Side Show is the story of two conjoined twins, Daisy and Violet Hilton, who live and work in a circus sideshow in the 1930’s. They encounter a vaudeville manager named Terry Connor (Aleksndr Arteaga) and aspiring performer named Buddy Foster (Taylor Eliason). Buddy teaches the sisters to sing, and Terry and Buddy take them away from the circus to the much more respectable (and remunerative) vaudeville circuit. In time, a complicated web of relationships emerges where Terry likes Daisy, Buddy has feelings for Violet, but Jake (a sideshow performer who accompanies the sisters) is also in love with Violet. The sudden success and fame that the sisters experience only adds stress to the characters’ lives.
The most notable aspect of the production is the performance of Angela Jeffries and Adrien Swenson as conjoined twins Violet and Daisy Hilton, respectively. The two performers not only bear a physical resemblance to each other, but their voices and mannerisms are also so close that it doesn’t take much suspension of disbelief from the audience for Jeffries and Swenson to play sisters. The two also have beautiful and powerful voices that each alone could easily fill a large theatre; together the two are irresistible as they sing songs like “I Will Never Leave You.” “Like Everyone Else” was especially tender, as it established the basic humanity of both characters and helped the audience understand that these “Siamese twins” were completely normal on the inside. Both women were also terribly funny in “Leave Me Alone,” a comedic song which also surprisingly provides insight into their characters’ psychology.

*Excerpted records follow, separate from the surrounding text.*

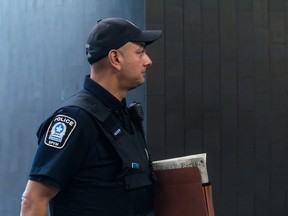 A police officer in a cap and uniform holds a folder as he walks in a courtroom.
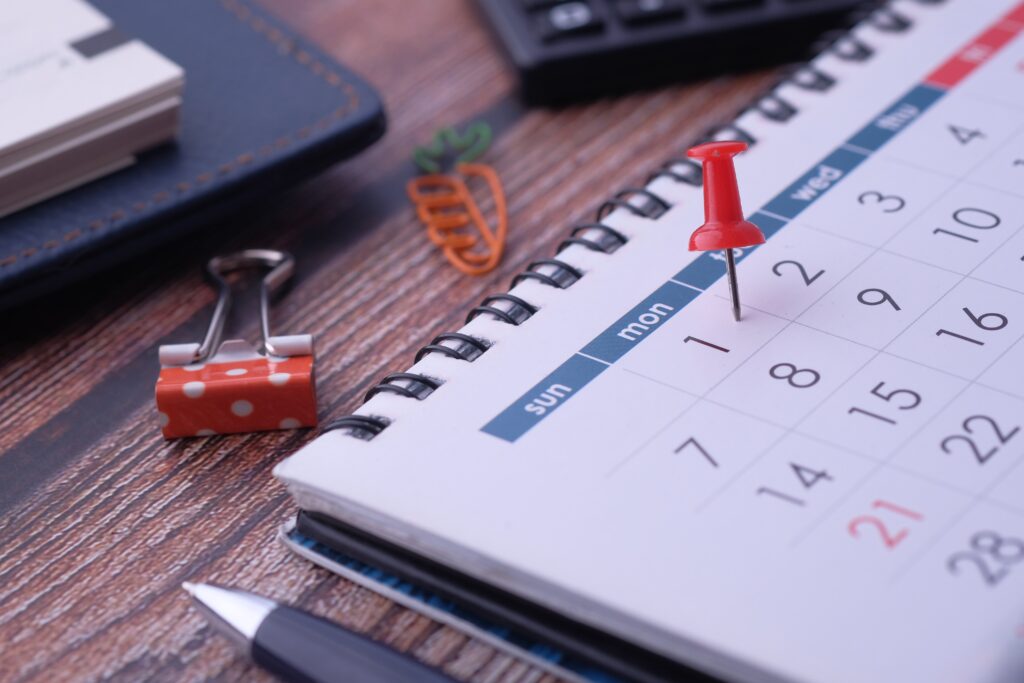 A calendar and other stationery on top of a table.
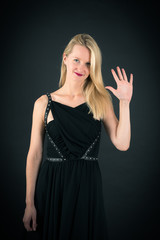 Fototapeta premium Beautiful woman doing different expressions in different sets of clothes: wave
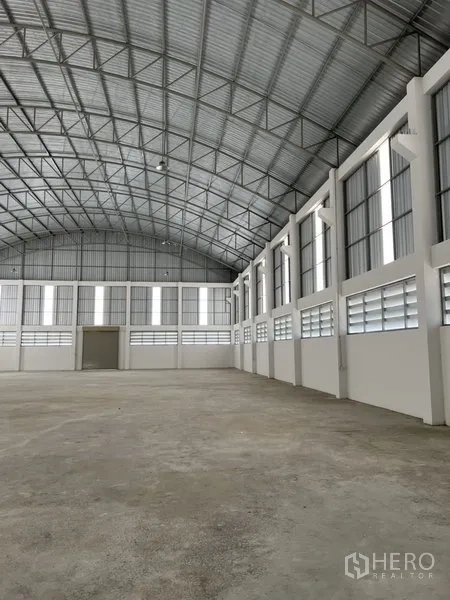 Factory for rent or sale in Bang Bo, Samut Prakan - Long interior view of a bright factory hall with rows of windows and curved steel truss roof.
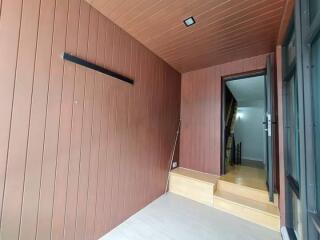 Entryway with wooden paneling and stairs leading to upper floor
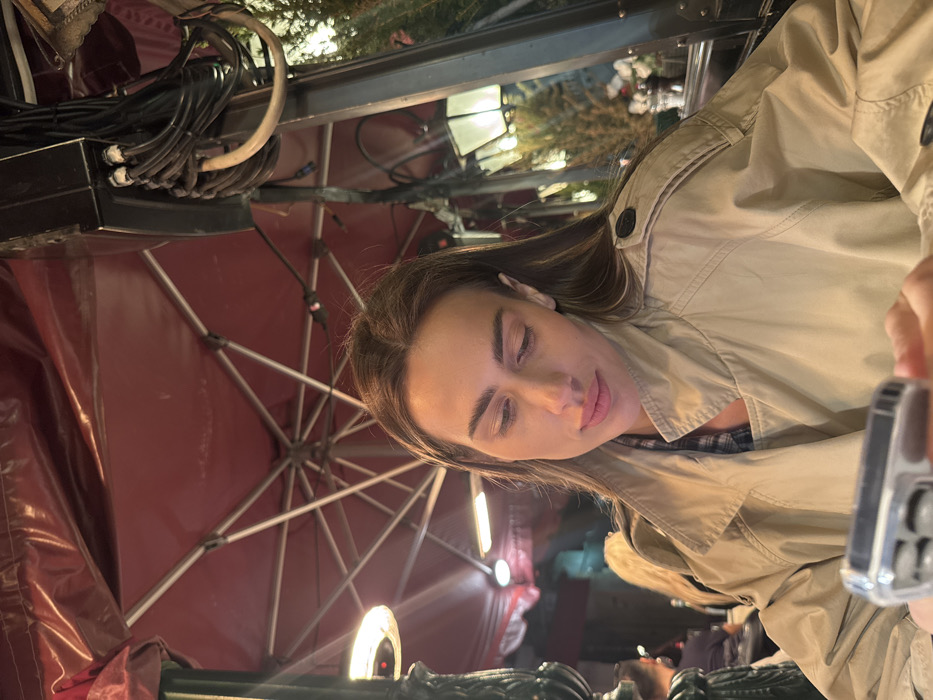A woman with long brown hair and a light complexion is seated in an outdoor dining area in Venice, Italy. She is looking downwards at a smartphone, partially visible in the foreground with a clear protective case, held in her hands. She is wearing a light tan trench coat over a plaid shirt. Above her, a dark red outdoor umbrella or canopy with visible metal ribs provides shelter. To the left, a circular infrared heater is attached to a decorative black pole. On the right, a bundle of electrical cables is secured to another dark vertical support beam. The background features multiple illuminated outdoor lanterns and potted greenery, with blurred figures of other patrons suggesting a public establishment during evening hours or in a low-light environment.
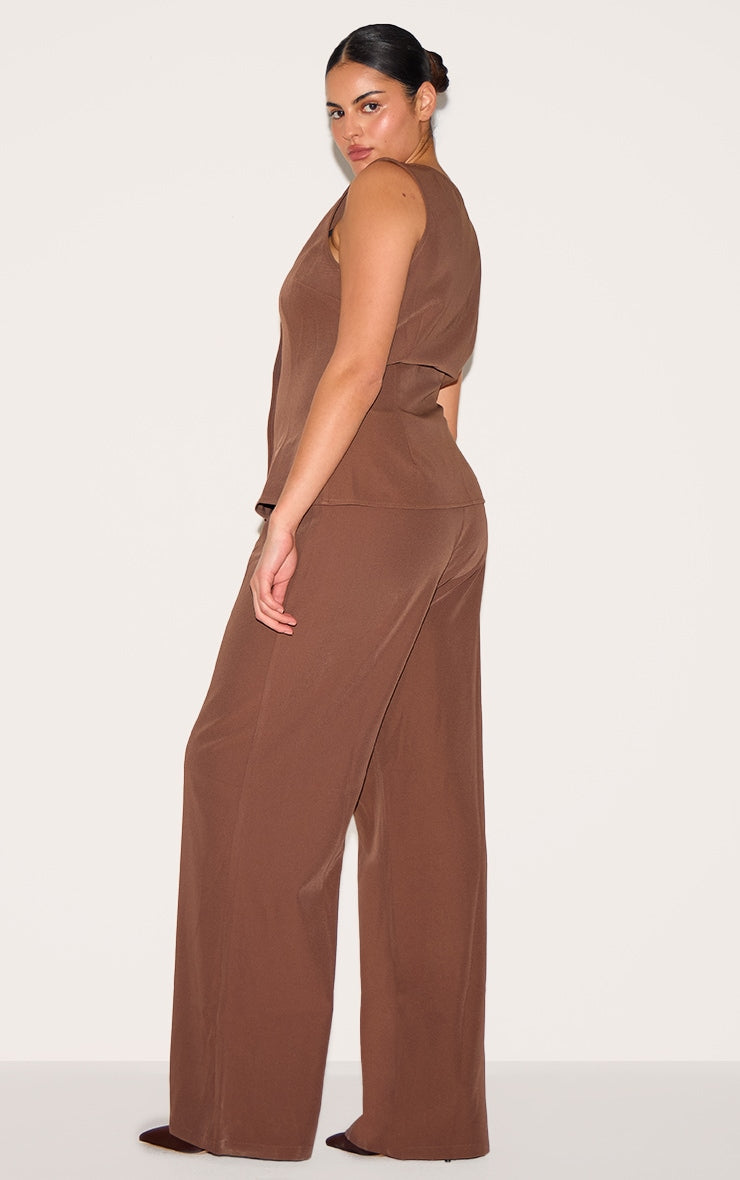 https://cdn-img.prettylittlething.com/7/f/4/e/7f4e5bc148dc6c8a00d0104d808493839d9e374a_CNL8284_2_plus_chocolate_brown_high_neck_waistcoat_straight_leg_jumpsuit.jpg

Taylor Eliason was energetic and fun as Buddy Foster. I enjoyed how the character yearned for fame and a big break in show business, and his duet “More Than We Bargained For” with Arteaga was well executed. Eliason was also excellent at portraying the emotional dilemma that his character had of falling in love with a woman that he could never have for himself. Cooper Howell was an intense Jake, who was useful for adding conflict to a story that would otherwise be a simple story about Violet being forced to choose between a man and her sister. Musically, Howell was most memorable during “The Devil You Know,” which was a classy swing jazz number sung by him and the sideshow freaks. It was unfortunate that Bill Russell’s script neglected his character for large portions of the story.
I was not as pleased by Aleksndr Arteaga’s performance as Terry Connor, which I found wooden. Early on in the show he sings about falling in love with Daisy when he first met her, but in that scene I did not see any indication that Terry had feelings for Daisy. This lack of emotion was also apparent during “Private Conversation.” Connor sang the song well, but failed to show the feelings behind the song and why Terry would sing it.
This production of Side Show features over twenty performers in the ensemble, which might make it the largest cast to ever perform in the Echo Theater. The Side Show ensemble is also distinguished, unfortunately, for being noticeably less satisfying to watch than its five lead actors. With a few exceptions (such as Madeline Weinbergerm), there is a clear chasm between the performing capabilities of the lead actors and the ensemble. For example, Bryan Cardoza (as The Boss) was not very menacing in his scenes in the first act. As a consequence, the supposed danger that Daisy and Violet were facing by leaving his employment wasn’t apparent, which made the scene lack tension and reduced conflict. On the other hand, music director Anne Puzey made the ensemble sound exquisite. The clear diction, rich harmonies, and well balanced sound were a pleasure to hear in “Say Goodbye to the Freak Show” and other songs in the score (composed by Henry Krieger, with lyrics by Bill Russell).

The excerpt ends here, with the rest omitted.